Mohon tunggu...
Andre Barahamin
Andre Barahamin Mohon Tunggu... -

Penulis amatir.

Selanjutnya

Tutup

Humaniora

Kamisan: Kesabaran dalam Kebisuan

30 Agustus 2013   11:31 Diperbarui: 19 Januari 2017   10:26 201
+
Laporkan Konten
Laporkan Akun
Kompasiana adalah platform blog. Konten ini menjadi tanggung jawab bloger dan tidak mewakili pandangan redaksi Kompas.
Lihat foto
Aksi Kamisan ke 454 di seberang Istana Negara, Kamis (11/8/2016). || Kristian Erdianto/KOMPAS.COM

Jika anda berdomisili di Jakarta, luangkan sore anda di hari Kamis dan kungjungilah Istana Negara antara jam empat dan jam lima sore. Bukan sebagai ajang tur wisata di fasilitas negara yang mewah. Melainkan agar dapat anda saksikan sekumpulan orang berpakaian hitam yang berdiri membisu tepat di depannya.
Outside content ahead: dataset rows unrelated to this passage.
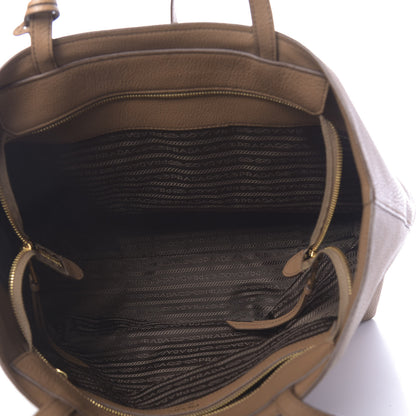 Prada Vitello Daino Pocket Shopping Tote Caramel 5 of 11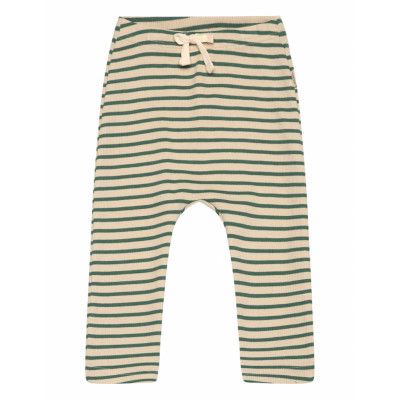 Petit Piao Pants Modal Striped Blå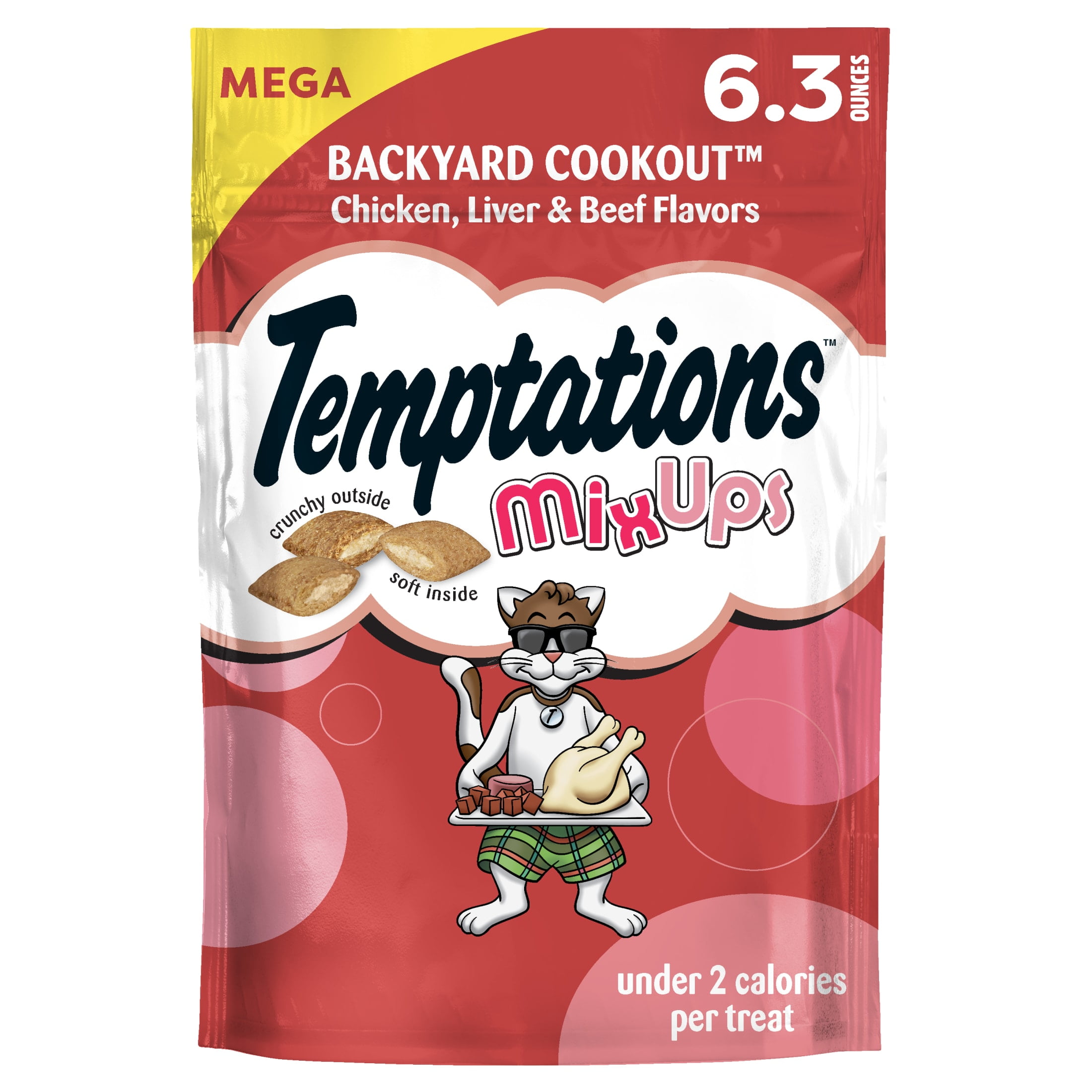 Temp-tations Backyard Cookout Cat Treats Crunchy and Soft 6.3 Oz
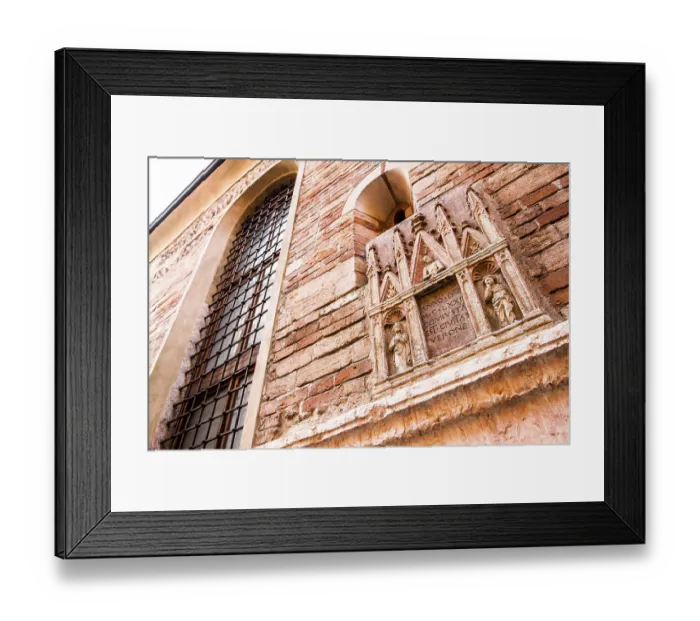 Framed Print : Medieval building facade in the historic center of Verona Framed Print : Medieval building facade in the historic center of Verona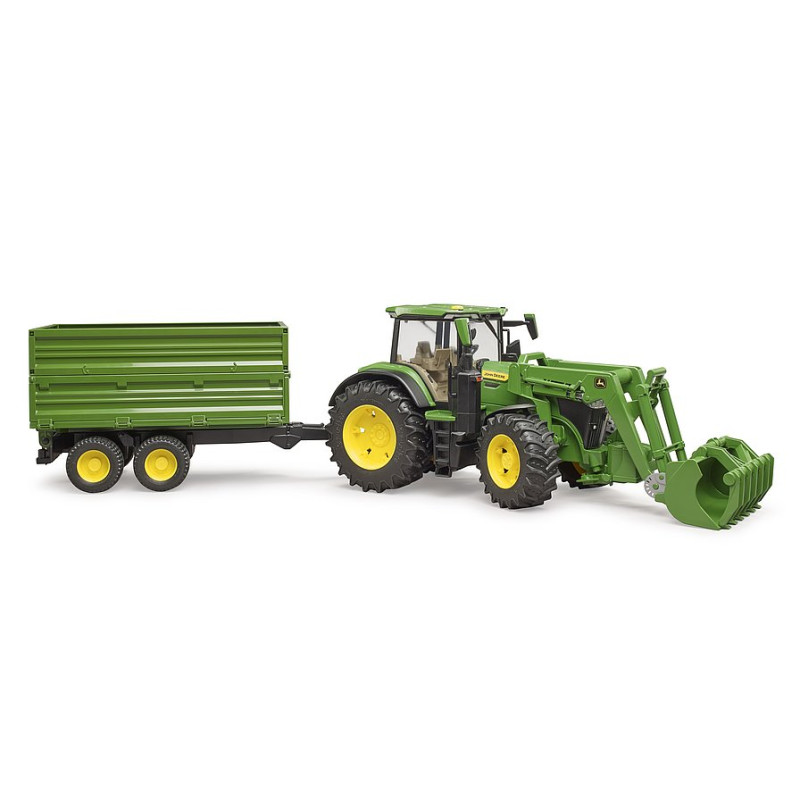 John Deere 7R 350 met voorlader + kipwagen John Deere 7R 350 met voorlader + kipwagen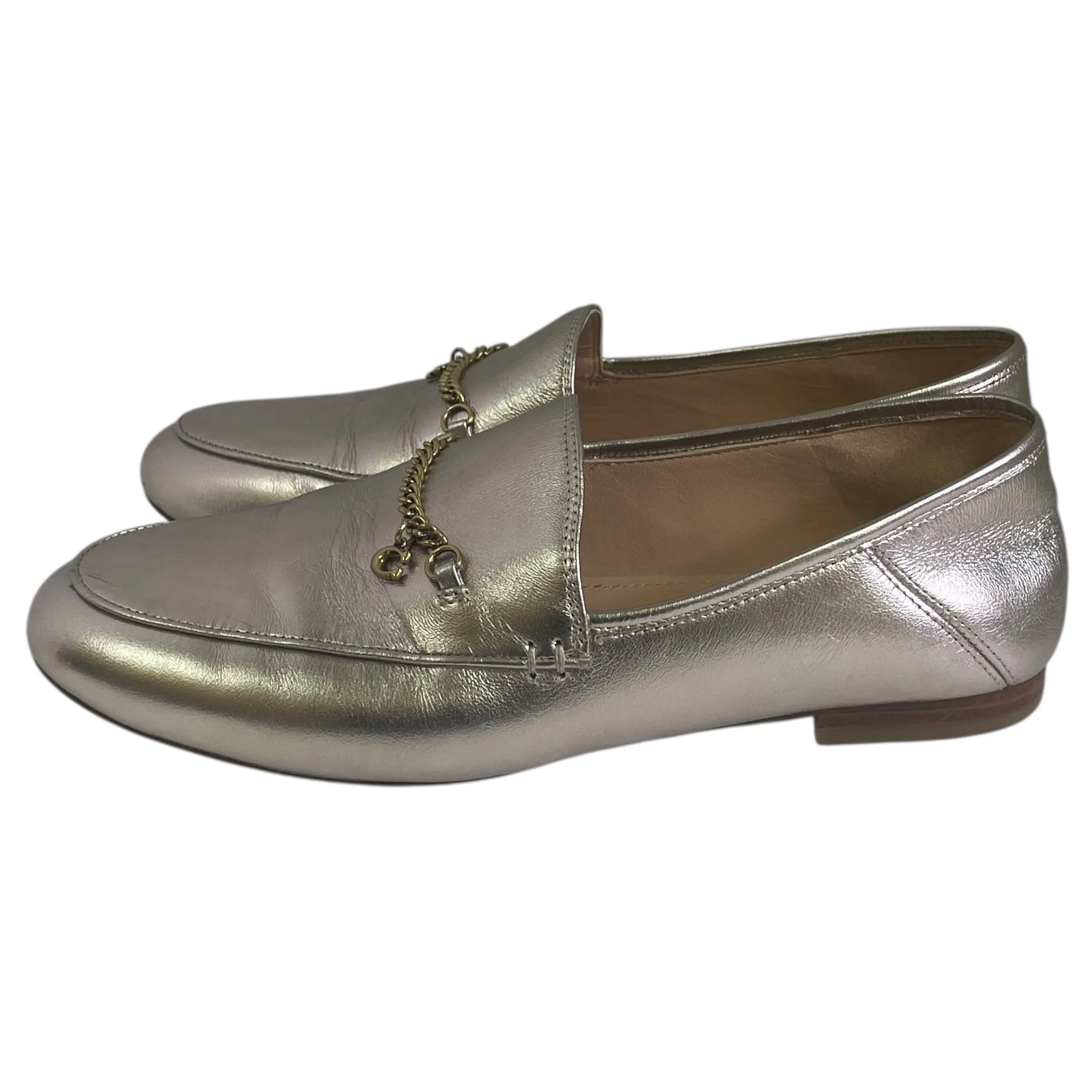 Shoes Designer By Coach In Gold, Size:8 Smart Fit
Jumlahnya tak seberapa. Mereka kebanyakan orang-orang yang dari segi umur tergolong uzur. Mengusung beberapa poster dan foto dari orang-orang yang tentu tak familiar dalam ingatan kita. Beberapa menggunakan payung berwarna sama dengan tulisan pendek berwarna putih.

Tak ada bising pidato politik dari pengeras suara. Tak juga terdengar yel-yel politis yang riuh. Hanya ada kebisuan. Ini adalah tradisi Kamisan yang diselenggarakan setiap hari Kamis, sejak 19 April 2007. Total hingga tanggal 14 Oktober kemarin, Kamisan sudah memasuki pekan ke 190. Bukan jumlah yang sedikit dan tentu saja bukan waktu yang sebentar. Angka yang tentu tidak akan dirayakan meriah layaknya pesta ulang tahun. Melainkan menjadi monumen imajiner dari upaya tak henti dari keluarga korban, para survivor dan mereka yang bersimpati, menuntut keseriusan negara menuntaskan kasus-kasus pelanggaran HAM yang pernah terjadi.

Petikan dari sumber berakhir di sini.